Charity Scope meets its diversity target with disabled workers making up 20% of total workforce

Disabled people now make up a fifth of Scope’s staff following a drive to increase the diversity of the workforce at the charity for people with cerebral palsy.

The number of disabled workers at the charity stands at 20.7% of its total workforce of 3,300 employees – above the 20% target Scope set itself in October 2004. This figure includes more than one-third of senior managers.

The statistics go some way to addressing concerns that the voluntary sector was not diverse enough.
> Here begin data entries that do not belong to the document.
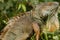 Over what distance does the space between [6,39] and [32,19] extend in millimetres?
650

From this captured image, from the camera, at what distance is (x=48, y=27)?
15.9 feet

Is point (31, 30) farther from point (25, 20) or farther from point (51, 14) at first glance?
point (51, 14)

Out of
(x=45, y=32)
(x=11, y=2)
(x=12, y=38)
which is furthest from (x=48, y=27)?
(x=11, y=2)

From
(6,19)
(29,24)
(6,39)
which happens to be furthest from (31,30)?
(6,19)

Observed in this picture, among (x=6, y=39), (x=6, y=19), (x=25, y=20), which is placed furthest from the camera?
(x=6, y=19)

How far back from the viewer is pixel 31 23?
4.74m

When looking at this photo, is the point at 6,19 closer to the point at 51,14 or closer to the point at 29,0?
the point at 29,0

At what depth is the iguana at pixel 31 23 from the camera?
4543 mm

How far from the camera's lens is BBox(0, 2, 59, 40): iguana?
454 centimetres

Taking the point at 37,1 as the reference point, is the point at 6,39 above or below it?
below

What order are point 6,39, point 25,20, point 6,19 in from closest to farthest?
1. point 6,39
2. point 25,20
3. point 6,19

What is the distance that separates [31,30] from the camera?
464 centimetres

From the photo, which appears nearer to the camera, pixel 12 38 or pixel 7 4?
pixel 12 38

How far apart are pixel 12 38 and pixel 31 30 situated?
14.1 inches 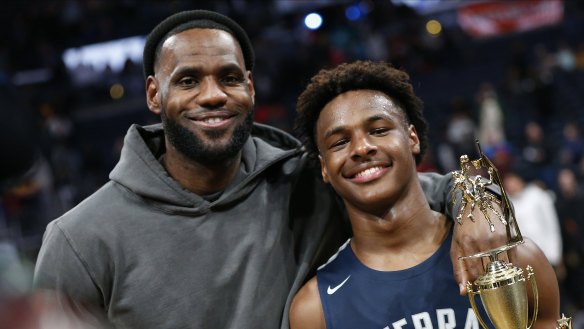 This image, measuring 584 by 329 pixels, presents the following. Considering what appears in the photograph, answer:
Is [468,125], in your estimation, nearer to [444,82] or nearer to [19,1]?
[444,82]

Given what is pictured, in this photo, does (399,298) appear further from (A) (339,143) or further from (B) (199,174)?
(B) (199,174)

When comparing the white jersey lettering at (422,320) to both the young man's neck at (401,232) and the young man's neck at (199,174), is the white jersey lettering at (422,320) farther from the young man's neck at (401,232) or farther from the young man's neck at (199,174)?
the young man's neck at (199,174)

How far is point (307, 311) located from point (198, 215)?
603 millimetres

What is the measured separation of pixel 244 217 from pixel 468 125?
806 centimetres

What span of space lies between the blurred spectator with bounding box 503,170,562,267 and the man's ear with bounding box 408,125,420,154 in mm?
4118

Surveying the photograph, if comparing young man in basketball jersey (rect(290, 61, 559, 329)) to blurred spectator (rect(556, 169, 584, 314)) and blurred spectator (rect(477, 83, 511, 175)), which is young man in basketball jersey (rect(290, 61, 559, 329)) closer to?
blurred spectator (rect(556, 169, 584, 314))

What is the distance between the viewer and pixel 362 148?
238 centimetres

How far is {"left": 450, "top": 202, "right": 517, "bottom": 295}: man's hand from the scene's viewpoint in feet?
6.68

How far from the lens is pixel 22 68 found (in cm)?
1470

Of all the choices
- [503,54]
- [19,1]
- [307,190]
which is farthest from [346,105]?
[19,1]

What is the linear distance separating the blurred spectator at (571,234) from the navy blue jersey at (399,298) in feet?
15.9

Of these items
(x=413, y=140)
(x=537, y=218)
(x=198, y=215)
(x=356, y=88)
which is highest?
(x=356, y=88)

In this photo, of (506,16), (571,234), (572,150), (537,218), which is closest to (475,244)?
(537,218)

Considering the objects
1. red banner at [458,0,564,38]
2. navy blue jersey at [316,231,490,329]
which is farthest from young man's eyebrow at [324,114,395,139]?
red banner at [458,0,564,38] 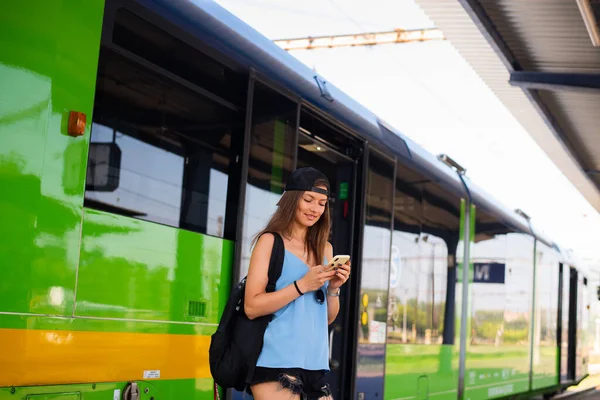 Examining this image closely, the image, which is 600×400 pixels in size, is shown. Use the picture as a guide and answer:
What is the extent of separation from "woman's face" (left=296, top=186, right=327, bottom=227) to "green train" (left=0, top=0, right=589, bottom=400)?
1.13 metres

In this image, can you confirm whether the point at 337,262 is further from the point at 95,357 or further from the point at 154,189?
the point at 154,189

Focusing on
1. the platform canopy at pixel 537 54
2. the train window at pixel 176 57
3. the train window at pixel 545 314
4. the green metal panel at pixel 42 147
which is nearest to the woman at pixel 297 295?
the green metal panel at pixel 42 147

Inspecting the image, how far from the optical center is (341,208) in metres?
7.82

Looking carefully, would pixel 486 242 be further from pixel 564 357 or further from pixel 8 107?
pixel 8 107

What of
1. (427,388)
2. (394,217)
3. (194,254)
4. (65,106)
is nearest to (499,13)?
(394,217)

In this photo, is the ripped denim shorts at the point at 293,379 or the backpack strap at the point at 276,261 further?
the backpack strap at the point at 276,261

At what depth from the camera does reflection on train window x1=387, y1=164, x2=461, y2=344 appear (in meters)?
8.61

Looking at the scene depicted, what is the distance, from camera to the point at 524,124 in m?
14.7

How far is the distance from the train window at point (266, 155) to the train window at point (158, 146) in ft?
0.71

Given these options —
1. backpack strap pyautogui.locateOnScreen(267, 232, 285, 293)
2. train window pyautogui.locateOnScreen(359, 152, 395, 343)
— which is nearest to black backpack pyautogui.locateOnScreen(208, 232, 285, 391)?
backpack strap pyautogui.locateOnScreen(267, 232, 285, 293)

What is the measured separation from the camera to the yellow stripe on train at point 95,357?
369 cm

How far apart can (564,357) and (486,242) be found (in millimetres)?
7616

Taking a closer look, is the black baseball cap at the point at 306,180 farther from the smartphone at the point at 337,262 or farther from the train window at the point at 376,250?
the train window at the point at 376,250

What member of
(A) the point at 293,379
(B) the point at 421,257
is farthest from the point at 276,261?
(B) the point at 421,257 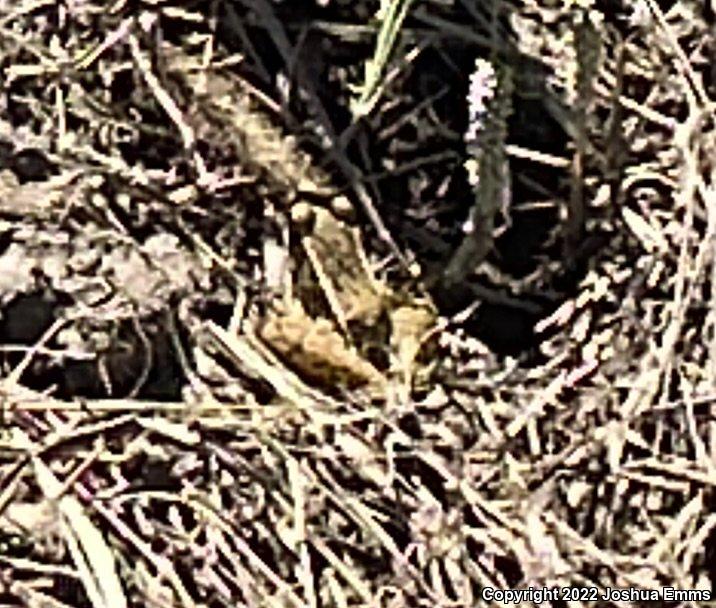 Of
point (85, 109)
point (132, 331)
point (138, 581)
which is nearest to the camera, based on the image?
point (138, 581)

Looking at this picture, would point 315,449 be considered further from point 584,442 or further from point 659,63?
point 659,63

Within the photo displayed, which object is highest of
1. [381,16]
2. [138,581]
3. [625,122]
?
[381,16]

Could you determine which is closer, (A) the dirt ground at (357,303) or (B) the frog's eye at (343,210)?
(A) the dirt ground at (357,303)

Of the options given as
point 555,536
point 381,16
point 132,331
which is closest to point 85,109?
point 132,331

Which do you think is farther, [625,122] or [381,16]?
[625,122]

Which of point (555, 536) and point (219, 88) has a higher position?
point (219, 88)

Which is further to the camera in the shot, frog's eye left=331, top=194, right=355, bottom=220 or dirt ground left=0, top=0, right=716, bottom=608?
frog's eye left=331, top=194, right=355, bottom=220

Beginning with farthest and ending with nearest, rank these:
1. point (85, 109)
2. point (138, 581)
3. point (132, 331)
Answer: point (85, 109)
point (132, 331)
point (138, 581) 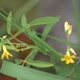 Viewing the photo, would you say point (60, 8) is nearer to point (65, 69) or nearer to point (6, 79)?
point (6, 79)

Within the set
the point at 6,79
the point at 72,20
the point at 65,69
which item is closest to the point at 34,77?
the point at 65,69

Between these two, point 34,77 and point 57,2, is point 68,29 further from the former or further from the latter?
point 57,2

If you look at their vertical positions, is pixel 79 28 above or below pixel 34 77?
above

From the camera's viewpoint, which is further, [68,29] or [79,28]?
[79,28]

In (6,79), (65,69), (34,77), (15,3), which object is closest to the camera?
(34,77)

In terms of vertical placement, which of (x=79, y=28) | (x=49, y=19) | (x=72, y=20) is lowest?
(x=49, y=19)

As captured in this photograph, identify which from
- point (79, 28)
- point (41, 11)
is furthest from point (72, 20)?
point (79, 28)

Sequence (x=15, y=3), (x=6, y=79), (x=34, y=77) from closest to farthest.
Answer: (x=34, y=77), (x=6, y=79), (x=15, y=3)

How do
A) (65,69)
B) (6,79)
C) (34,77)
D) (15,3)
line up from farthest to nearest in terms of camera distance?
1. (15,3)
2. (6,79)
3. (65,69)
4. (34,77)

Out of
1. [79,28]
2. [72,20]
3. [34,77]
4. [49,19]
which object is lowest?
[34,77] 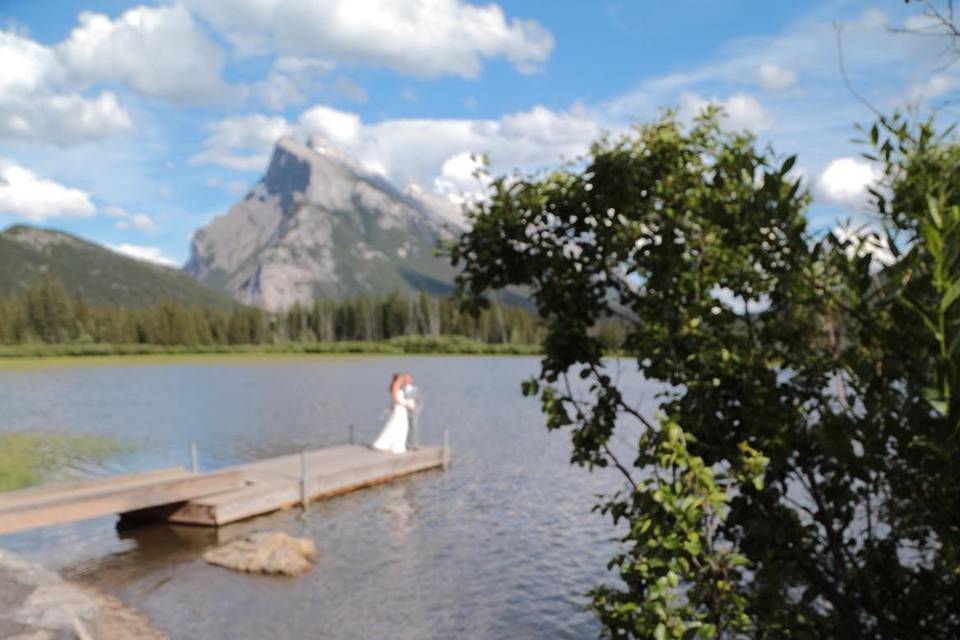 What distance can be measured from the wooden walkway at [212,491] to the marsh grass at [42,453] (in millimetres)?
6735

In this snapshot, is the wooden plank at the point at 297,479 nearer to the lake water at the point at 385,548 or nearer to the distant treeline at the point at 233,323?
the lake water at the point at 385,548

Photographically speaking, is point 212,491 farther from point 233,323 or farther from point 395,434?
point 233,323

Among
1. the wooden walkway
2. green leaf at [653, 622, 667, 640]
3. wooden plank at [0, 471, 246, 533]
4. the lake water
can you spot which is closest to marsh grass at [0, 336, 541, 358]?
the lake water

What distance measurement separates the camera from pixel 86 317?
148000 millimetres

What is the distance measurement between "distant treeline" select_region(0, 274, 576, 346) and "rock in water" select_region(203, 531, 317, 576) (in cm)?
12078

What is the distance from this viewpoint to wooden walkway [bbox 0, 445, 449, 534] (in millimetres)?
15852

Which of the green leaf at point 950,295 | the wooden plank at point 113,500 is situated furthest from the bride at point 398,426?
the green leaf at point 950,295

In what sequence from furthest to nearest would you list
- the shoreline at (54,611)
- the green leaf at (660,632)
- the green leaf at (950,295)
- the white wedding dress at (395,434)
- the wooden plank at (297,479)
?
the white wedding dress at (395,434) < the wooden plank at (297,479) < the shoreline at (54,611) < the green leaf at (660,632) < the green leaf at (950,295)

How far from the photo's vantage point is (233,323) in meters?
170

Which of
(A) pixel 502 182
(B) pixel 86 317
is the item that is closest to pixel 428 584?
(A) pixel 502 182

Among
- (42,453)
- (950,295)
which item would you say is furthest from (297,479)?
(950,295)

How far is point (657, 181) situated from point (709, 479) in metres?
2.26

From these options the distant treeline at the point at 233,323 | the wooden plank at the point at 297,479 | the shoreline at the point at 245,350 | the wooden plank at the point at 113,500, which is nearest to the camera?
the wooden plank at the point at 113,500

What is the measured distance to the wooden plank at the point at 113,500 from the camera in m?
15.2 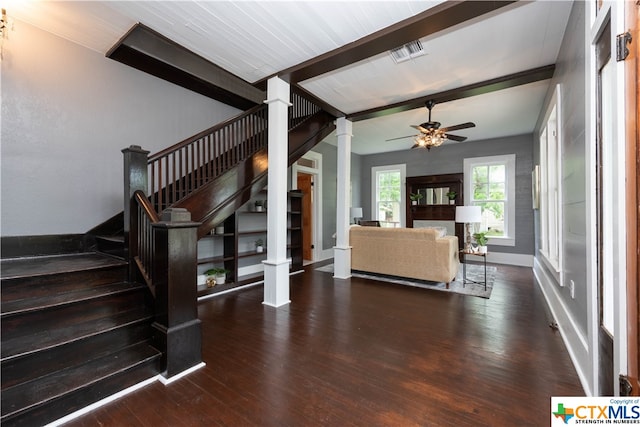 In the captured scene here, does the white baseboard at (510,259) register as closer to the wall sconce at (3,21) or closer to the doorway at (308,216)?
the doorway at (308,216)

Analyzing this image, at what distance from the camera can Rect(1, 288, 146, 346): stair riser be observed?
5.61 feet

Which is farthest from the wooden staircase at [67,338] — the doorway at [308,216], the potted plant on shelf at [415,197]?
the potted plant on shelf at [415,197]

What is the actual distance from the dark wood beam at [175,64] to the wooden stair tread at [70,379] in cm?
297

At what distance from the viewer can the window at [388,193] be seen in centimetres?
794

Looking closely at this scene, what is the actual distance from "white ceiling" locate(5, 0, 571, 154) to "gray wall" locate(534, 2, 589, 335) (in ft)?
1.17

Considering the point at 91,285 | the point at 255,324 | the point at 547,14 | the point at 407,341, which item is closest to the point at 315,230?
the point at 255,324

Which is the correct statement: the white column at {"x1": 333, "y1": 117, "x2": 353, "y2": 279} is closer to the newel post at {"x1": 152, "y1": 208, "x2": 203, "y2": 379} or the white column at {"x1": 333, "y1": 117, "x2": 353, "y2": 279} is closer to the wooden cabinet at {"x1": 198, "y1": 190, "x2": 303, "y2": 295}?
the wooden cabinet at {"x1": 198, "y1": 190, "x2": 303, "y2": 295}

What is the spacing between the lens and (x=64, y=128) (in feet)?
9.89

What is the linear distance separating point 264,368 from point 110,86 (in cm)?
377

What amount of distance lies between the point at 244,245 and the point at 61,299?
3.11 meters

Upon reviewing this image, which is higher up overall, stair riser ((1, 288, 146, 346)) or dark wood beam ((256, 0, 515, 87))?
dark wood beam ((256, 0, 515, 87))

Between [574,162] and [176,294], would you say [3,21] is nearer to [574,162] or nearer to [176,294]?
[176,294]

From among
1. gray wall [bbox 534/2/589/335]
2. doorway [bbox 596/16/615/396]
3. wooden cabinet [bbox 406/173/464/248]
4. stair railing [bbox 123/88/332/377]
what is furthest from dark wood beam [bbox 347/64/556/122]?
stair railing [bbox 123/88/332/377]

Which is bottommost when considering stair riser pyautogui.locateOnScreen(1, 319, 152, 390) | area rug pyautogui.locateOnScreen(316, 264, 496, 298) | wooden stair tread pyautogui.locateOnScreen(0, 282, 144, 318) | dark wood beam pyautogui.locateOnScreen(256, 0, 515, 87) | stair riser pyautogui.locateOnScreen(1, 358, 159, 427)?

The target was achieved after Scope introduced a package of measures to transform its workplace culture. These included actively targeting disabled people to apply for jobs, providing relevant training for managers and adopting a reserved posts policy for disabled people.

Recent figures show that 10.1% of all employees in the private sector are disabled. This rises to 11.6% in the public sector and 15% in the voluntary sector.

Joe Bennett, director of human resources, said: “Scope’s mission is to achieve disabled people’s equality so it is vital that disabled people are at the heart of our organisation and that their experience and views shape our work.

“Disabled people face a number of substantial barriers to employment, particularly negative attitudes from employers. We have demonstrated what can be achieved when an organisation’s culture is transformed and reasonable adjustments are made, which together help create a more open and accessible working environment for disabled staff.”